• [SOURCE MATERIAL]:
⁂
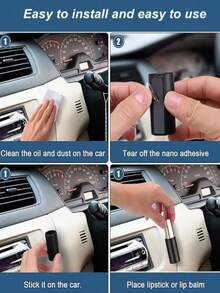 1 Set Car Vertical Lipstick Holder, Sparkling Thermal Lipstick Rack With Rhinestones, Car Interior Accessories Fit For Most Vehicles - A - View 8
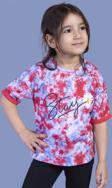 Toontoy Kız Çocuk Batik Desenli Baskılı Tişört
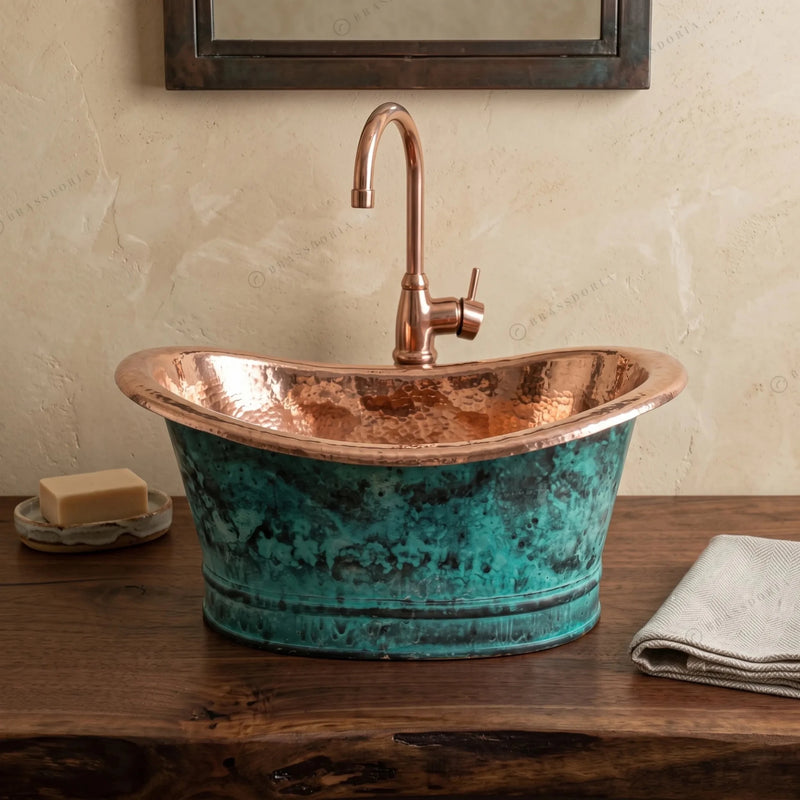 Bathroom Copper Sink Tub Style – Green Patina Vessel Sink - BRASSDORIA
⁂
Print the material above exactly, skipping its images.

• [RESULT FOR THIS TASK]:
 1 Set Car Vertical Lipstick Holder, Sparkling Thermal Lipstick Rack With Rhinestones, Car Interior Accessories Fit For Most Vehicles - A - View 8
 Toontoy Kız Çocuk Batik Desenli Baskılı Tişört
 Bathroom Copper Sink Tub Style – Green Patina Vessel Sink - BRASSDORIA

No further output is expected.